O bloqueio da radiação solar criará um escurecimento temporário no céu durante o dia nas áreas situadas ao longo da faixa de totalidade. Além do efeito visual impressionante, a queda momentânea de luminosidade costuma causar alterações na percepção de animais e na temperatura local das regiões impactadas.

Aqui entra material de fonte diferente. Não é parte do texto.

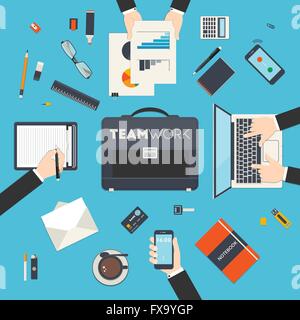 Vektor-Illustration von Business meeting, Kommunikation und brainstorming im flachen Stil. Icon-Set von Arbeitsaufgaben Fluss Unternehmen Stock Vektor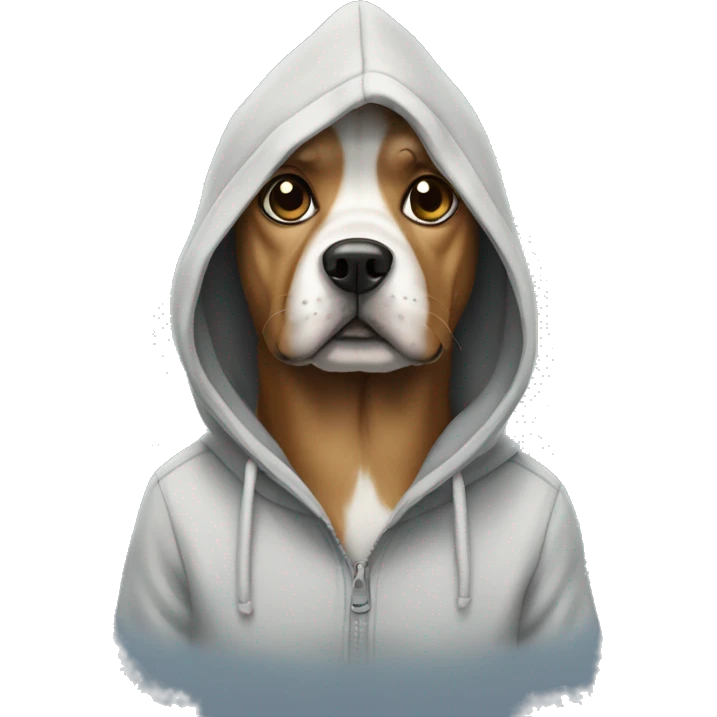 Dog wearing hoodie emoji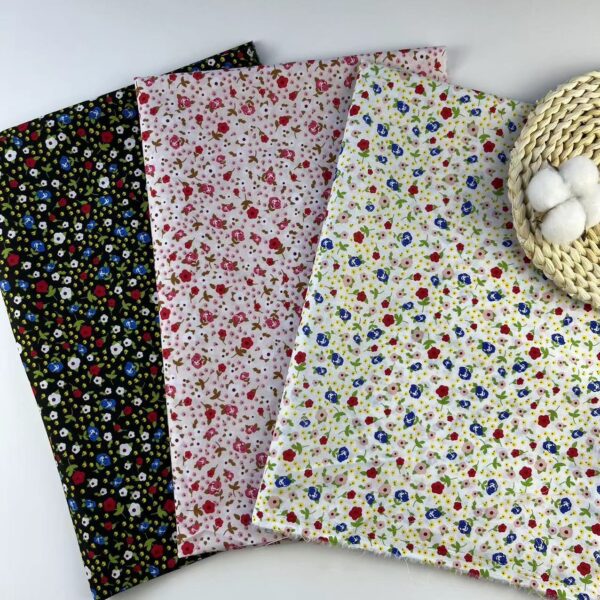 主图-01 Pastoral Floral Cotton Poplin Fabric — Soft Countryside Dress Material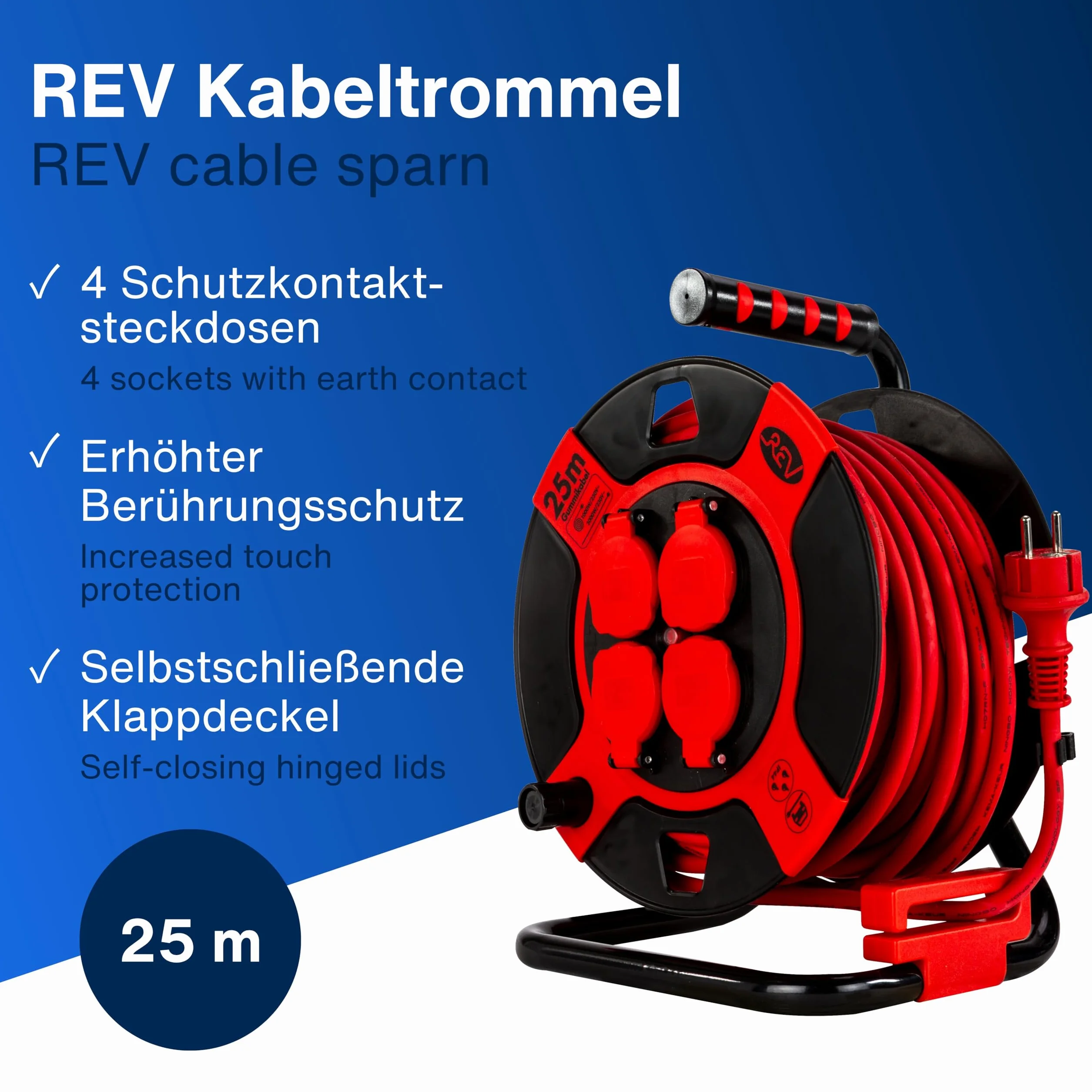 REV Bęben kablowy EX, 25 m, H07RN, IP44, 3000 W, 4 gniazda wtykowe, czerwony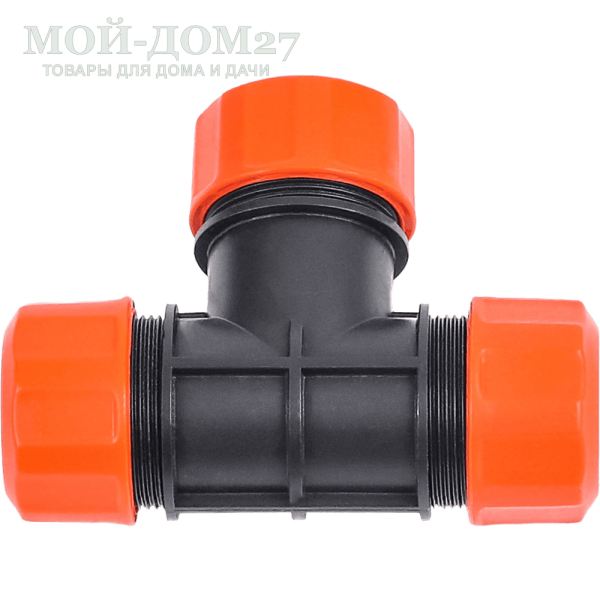 Тройник цанговый ЖУК 3/4" | Мой-Дом27 | <b>Материал:</b>&nbsp;пластик&nbsp;<br>
 <b>Диаметр:</b>&nbsp;шланг 3/4<br>
 <b>Применение:</b>&nbsp;для разветвления шлангов диаметром 3/4-3/4-3/4<br>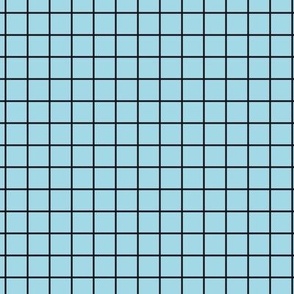 Grid Pattern - Arctic Blue and Midnight Black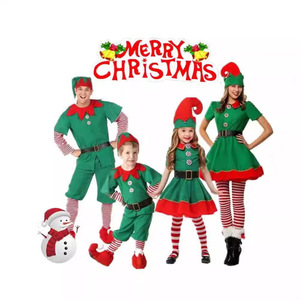 Costume d'elfe de Noël pour les fêtes des enfants avec un tenue à rayures rouges et vertes sur le thème de Noël - Product Image 1
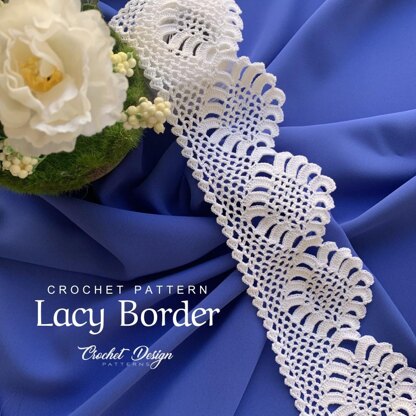 Crochet Lacy border with square mini border pattern - crochet edging - pdf pattern - crochet pattern - crochet lace - vintage crochet edge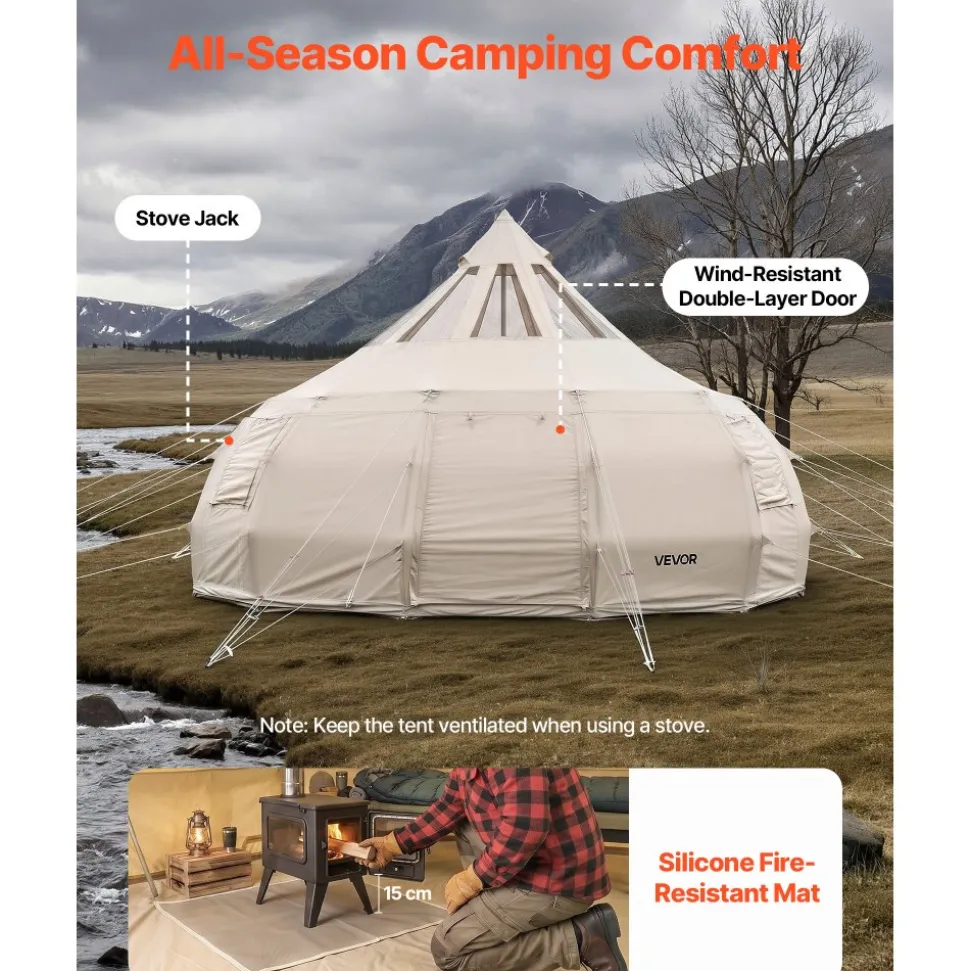 VEVOR Canvas Bell Tent, 4 Seasons 16.4 ft Yurt Tent for Camping with Stove Jack, Poly-Cotton Canvas Breathable Holds up to 12 People with Rain Cover, for Family Camping Glamping Outdoor Hunting Party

“A oportunidade de testemunhar um alinhamento perfeito como este é sempre um momento histórico para a astronomia moderna, oferecendo dados valiosos sobre a coroa solar”, destacam pesquisadores da área.
Locais com visibilidade privilegiada do eclipse
A fase total do eclipse será visível em uma estreita faixa do globo terrestre. Os moradores e turistas localizados em áreas da Groenlândia, da Islândia, do norte da Espanha e do nordeste de Portugal terão o privilégio de acompanhar a escuridão completa durante alguns instantes.
Para garantir a melhor experiência de observação, muitos viajantes já estão planejando deslocamentos para esses países europeus. A rota do fenômeno cruzará paisagens deslumbrantes, o que deve movimentar o astroturismo internacional ao longo de toda a semana.
Groenlândia: Cobertura inicial com excelente visibilidade em áreas isoladas de gelo;
Islândia: Visão privilegiada próxima à capital e em regiões costeiras;
Espanha e Portugal: Fase final da totalidade visível no fim da tarde em zonas do norte e nordeste.
Cuidados essenciais para a observação astronômica
Especialistas em saúde ocular reforçam que acompanhar o eclipse exige cuidados rigorosos para evitar danos irreversíveis à visão. Olhar diretamente para o Sol sem proteção adequada, mesmo durante as fases parciais do alinhamento, pode causar queimaduras sérias na retina.
O uso de óculos astronômicos com filtros certificados pela norma ISO 12312-2 ou vidros de soldador com tonalidade número 14 é indispensável para quem pretende olhar para o céu. Filtros improvisados, como filmes de raio-X, óculos de sol comuns ou vidros fumê, não oferecem proteção contra os raios ultravioleta e infravermelhos.